Total compensation expense related to Options issued to employees under the 2009 Plan was approximately $59,000 and $171,000 for the three months ended June 30, 2015 and 2014, respectively; and $259,000 and $510,000 for the nine months ended June 30, 2015 and 2014, respectively.  The expense under the 2009 Plan related to shares issued to non-employee members of the Company’s Board of Directors as compensation was $0 and $50,000 for the three months ended June 30, 2015 and 2014, respectively; and $150,000 for each of the nine months ended June 30, 2015 and 2014.  Total compensation expense associated with the 2009 Plan was $59,000 and $221,000 for the three months ended June 30, 2015 and 2014, respectively; and $409,000 and $660,000 for the nine months ended June 30, 2015 and 2014, respectively.

 

Stock repurchase program

 

On April 17, 2014, the Company’s Board of Directors approved the extension of the current share repurchase program (originally approved on April 29, 2013), which allows the Company to acquire up to 250,000 shares of its outstanding common stock until May 1, 2015.  Under the share repurchase program, the Company may purchase shares of its common stock through open market transactions, in privately negotiated block purchases, or in other private transactions (either solicited or unsolicited).  The timing and amount of repurchase transactions under this program will depend on market conditions, and corporate and regulatory considerations.

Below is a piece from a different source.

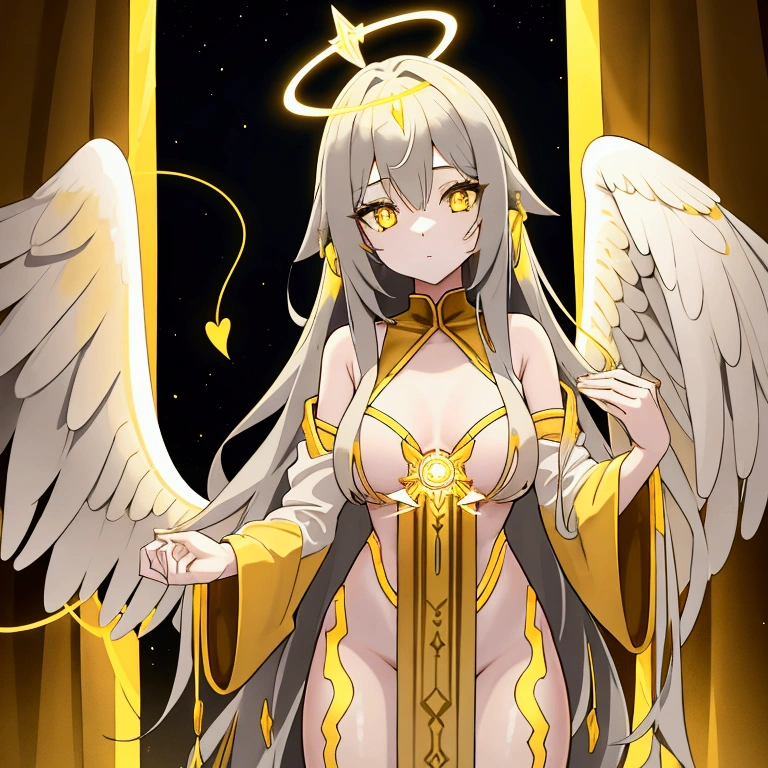 solo, female, long gold hair, yellow wings, angel, yellow-gray skin, glowing halo, glowing hair, village, tall woman,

The program may be discontinued or suspended at any time.  The Company anticipates funding for this program to come from available corporate funds, including cash on hand and future cash flow.  During the nine months ended June 30, 2015, the Company purchased 89,644 shares of common stock.  The cost of the shares purchased in the nine months ended June 30, 2015 was $254,170 at an average cost per share of $2.84.  None such shares were purchased during the three months ended June 30, 2015.